Data extract »

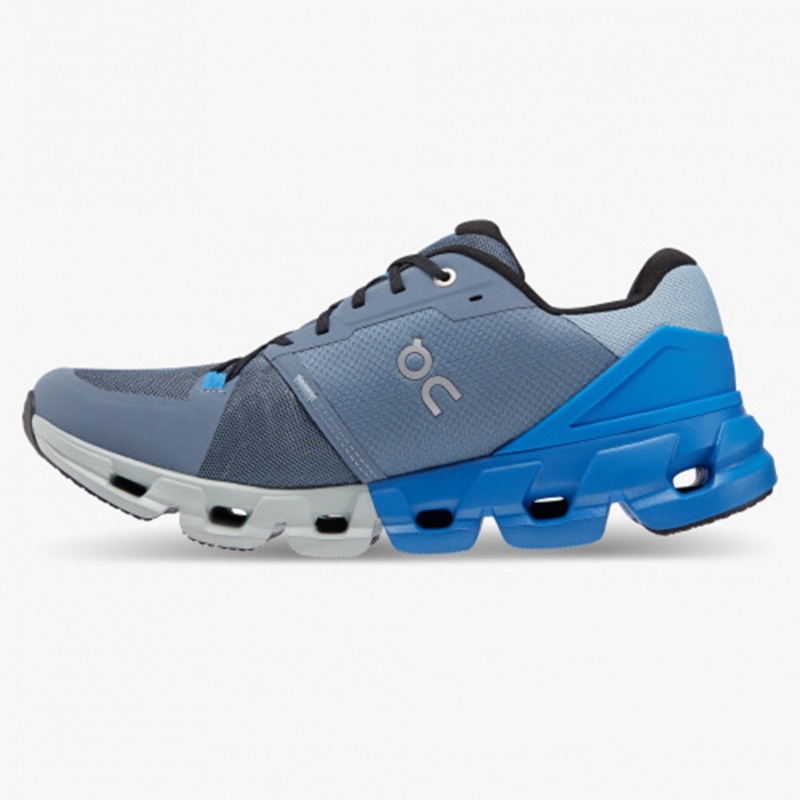 Metal/Lapis On Running Cloudflyer 4 Men's Running Shoes | AR8642713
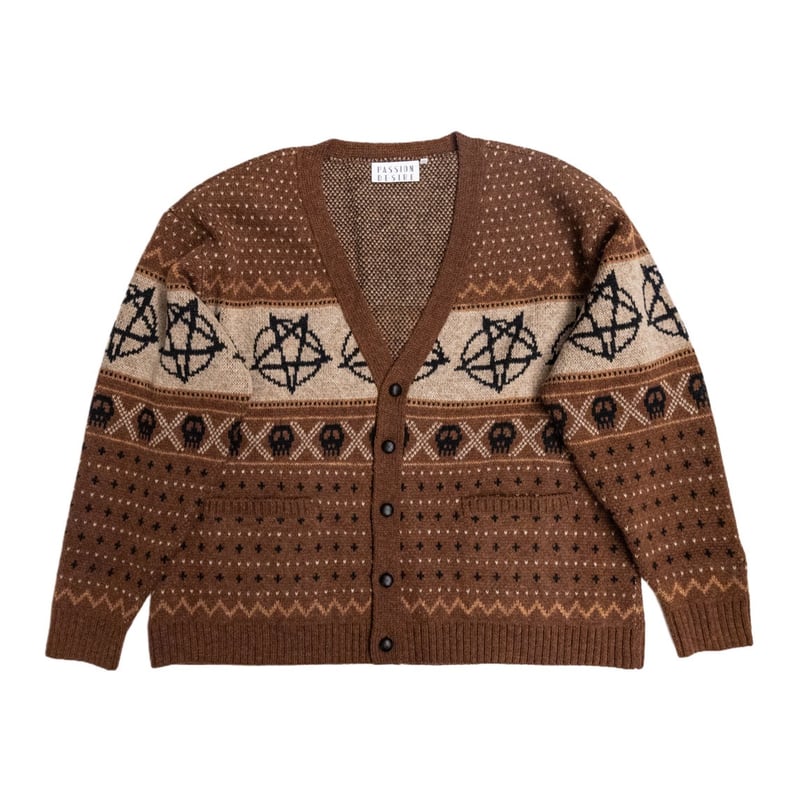 WOOL NORDIC KNIT CARDIGAN | el conductorH ONLIN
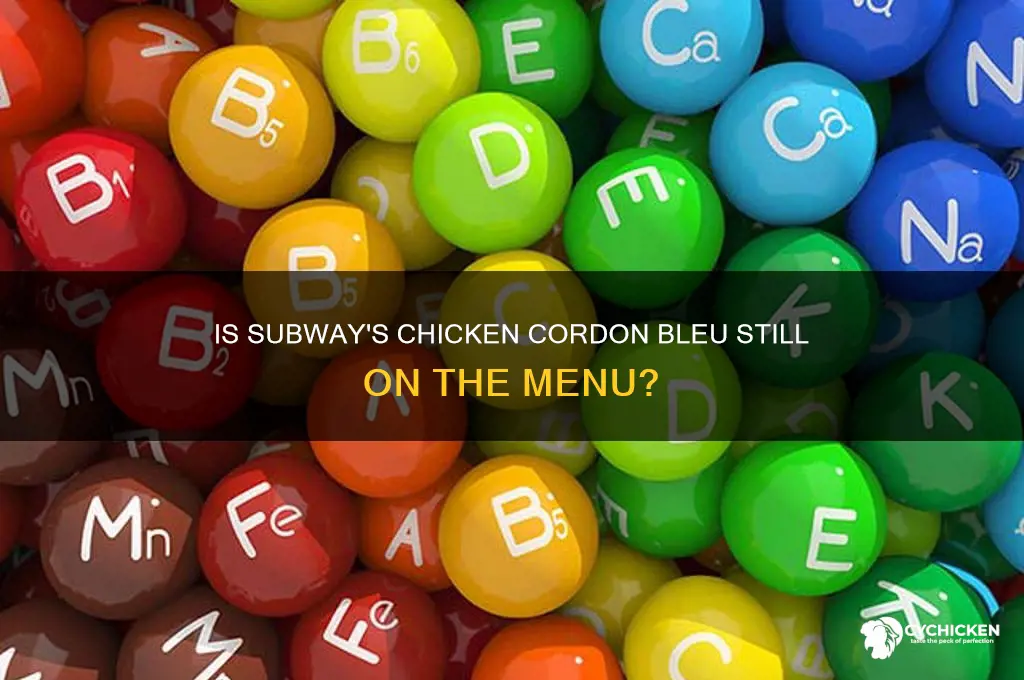 does subway still have the chicken cordon bleu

Activity »
Set the listing down again exactly, skipping each picture.

Solution for this exercise »
 Metal/Lapis On Running Cloudflyer 4 Men's Running Shoes | AR8642713
 WOOL NORDIC KNIT CARDIGAN | el conductorH ONLIN
 does subway still have the chicken cordon bleu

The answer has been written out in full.